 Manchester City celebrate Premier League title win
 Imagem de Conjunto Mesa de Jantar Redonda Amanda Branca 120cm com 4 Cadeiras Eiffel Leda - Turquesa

* * *

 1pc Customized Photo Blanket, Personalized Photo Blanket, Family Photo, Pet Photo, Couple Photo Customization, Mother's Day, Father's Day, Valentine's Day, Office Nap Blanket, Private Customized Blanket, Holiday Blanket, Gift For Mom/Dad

▶ TASK GOAL
For the material above, reproduce exactly the lines from the line with "Manchester City celebrate" to the line with "Imagem de Conjunto", inclusive, and exclude all others.

▶ REPLY
 Manchester City celebrate Premier League title win
 Imagem de Conjunto Mesa de Jantar Redonda Amanda Branca 120cm com 4 Cadeiras Eiffel Leda - Turquesa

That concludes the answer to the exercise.